▶ Required work
Pull every line containing "with" out of the listing below.

▶ Given information
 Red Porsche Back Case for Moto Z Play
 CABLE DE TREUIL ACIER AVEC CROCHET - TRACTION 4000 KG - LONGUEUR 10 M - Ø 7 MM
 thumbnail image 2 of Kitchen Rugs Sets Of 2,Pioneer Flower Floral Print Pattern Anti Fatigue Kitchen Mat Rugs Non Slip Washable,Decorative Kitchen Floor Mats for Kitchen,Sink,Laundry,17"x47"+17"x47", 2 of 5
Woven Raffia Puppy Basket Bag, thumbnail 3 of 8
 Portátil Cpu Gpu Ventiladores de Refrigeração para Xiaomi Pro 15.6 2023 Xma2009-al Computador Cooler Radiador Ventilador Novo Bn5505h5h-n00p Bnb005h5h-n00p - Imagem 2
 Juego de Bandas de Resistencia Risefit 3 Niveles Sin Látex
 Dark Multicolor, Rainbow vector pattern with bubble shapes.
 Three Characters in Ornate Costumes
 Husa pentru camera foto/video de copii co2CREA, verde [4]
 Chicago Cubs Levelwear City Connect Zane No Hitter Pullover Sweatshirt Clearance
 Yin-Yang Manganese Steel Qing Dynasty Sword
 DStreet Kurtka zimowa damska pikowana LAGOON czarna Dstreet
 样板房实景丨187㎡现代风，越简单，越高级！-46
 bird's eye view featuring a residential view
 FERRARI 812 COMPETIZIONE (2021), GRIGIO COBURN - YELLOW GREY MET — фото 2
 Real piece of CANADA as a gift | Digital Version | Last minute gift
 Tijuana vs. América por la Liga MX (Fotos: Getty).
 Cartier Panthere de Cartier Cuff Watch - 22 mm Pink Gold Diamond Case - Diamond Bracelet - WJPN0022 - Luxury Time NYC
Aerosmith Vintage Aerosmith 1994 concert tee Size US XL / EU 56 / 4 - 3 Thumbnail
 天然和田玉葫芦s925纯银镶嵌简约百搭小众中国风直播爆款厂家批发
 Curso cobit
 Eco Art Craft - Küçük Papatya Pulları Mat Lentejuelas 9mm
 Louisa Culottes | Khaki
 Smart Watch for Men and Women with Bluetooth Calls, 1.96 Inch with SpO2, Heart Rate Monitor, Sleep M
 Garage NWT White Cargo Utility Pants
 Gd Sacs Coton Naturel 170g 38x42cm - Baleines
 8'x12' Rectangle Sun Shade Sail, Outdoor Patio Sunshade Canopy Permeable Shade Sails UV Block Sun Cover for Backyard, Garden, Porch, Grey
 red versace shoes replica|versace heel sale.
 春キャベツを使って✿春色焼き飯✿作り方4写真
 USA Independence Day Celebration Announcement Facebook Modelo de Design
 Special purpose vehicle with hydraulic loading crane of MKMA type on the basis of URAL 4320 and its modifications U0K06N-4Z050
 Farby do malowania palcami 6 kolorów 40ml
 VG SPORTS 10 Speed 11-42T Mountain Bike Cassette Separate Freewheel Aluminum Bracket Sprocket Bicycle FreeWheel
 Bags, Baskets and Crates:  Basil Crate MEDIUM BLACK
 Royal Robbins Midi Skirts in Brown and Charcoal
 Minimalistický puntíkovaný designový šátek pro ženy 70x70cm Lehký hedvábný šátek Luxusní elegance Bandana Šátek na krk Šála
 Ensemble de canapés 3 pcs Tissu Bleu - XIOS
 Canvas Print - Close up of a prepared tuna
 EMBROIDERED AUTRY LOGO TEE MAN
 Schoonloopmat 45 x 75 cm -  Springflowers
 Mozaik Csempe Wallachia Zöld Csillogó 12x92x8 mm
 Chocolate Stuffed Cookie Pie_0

▶ Exercise answer
 Dark Multicolor, Rainbow vector pattern with bubble shapes.
 Smart Watch for Men and Women with Bluetooth Calls, 1.96 Inch with SpO2, Heart Rate Monitor, Sleep M
 Special purpose vehicle with hydraulic loading crane of MKMA type on the basis of URAL 4320 and its modifications U0K06N-4Z050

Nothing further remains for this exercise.